Her homely, pudding face was Laughtonesque in style, incapable of warmth much less a smile. It was held up by an immense frame that was both intimidating and foreboding at the same time. In return, it allowed her to play a couple of the most loathsome and terrifying women ever presented onscreen.
Born to Polish-Jewish immigrants on March 30, 1929, Brooklyn’s Shirley Stoler made her stage debut in 1955 and gained experience as a member of New York’s experimental La Mama and Living Theatre companies. She had become a key underground player by the time she earned film infamy in 1970 at age 41.
Her very first portrayal on film was as real-life homicidal maniac Martha Beck in the stark, chilling, shoestring-budgeted flick The Honeymoon Killers (1970). Paired up with ‘Tony Lo Bianco”s slick, handsome Raymond Fernandez, the two created a brazen pair of “Lonelyhearts” serial killers that are still talked about in cult circles. Going this far out on a limb, Shirley would find the going rough after this and Martha Beck a hard act to follow.
And then as if nothing could out-creep her above-mentioned role, she went on to play, with utmost horror, the repulsive, whip-carrying concentration camp commandant in Lina Wertmüller’s WWII masterpiece Seven Beauties (1975) [Seven Beauties]. Stoler’s reviling, seductive byplay with Giancarlo Giannini’s terrified inmate, whose measly life is left in her hands, remains one of the most harrowing and fascinating scenes ever filmed. For the duration of her career, however, Shirley was obliquely cast as either Eastern European housewives or hardened “tough broad” types (prostitutes, bartenders, bordello madams, prison matrons).
Too often featured in low budgets unworthy of her talents, her minor gallery of grotesques included the prison guard in Desperately Seeking Susan (1985), Spike the Bartender in Frankenhooker (1990), and the pawnshop store owner in Miami Blues (1990)_ in which she chops con man Alec Baldwin’s fingers off with a machete. Occasionally she was given a more humane part, such as her brief role as the grief-stricken Vietnam-war mom in the high quality Oscar winner The Deer Hunter (1978), but, for the most part, it was her monstrous tendencies that paid dividends.

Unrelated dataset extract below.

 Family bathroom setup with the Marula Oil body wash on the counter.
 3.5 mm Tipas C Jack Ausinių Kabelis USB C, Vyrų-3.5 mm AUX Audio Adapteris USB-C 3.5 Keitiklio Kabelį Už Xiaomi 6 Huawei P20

Elsewhere, she made her Broadway debut at age 52 in a production of “Lolita” starring Donald Sutherland as Humbert Humbert and Blanche Baker as the nymphet, but the show closed nine days later. On TV Shirley made occasional guest appearances and was a short-lived regular on both daytime and nighttime drama while offering comedic (“Pee-wee’s Playhouse”) and dramatic (“Skag”) support. She died in New York of heart failure at age 69 in 1999.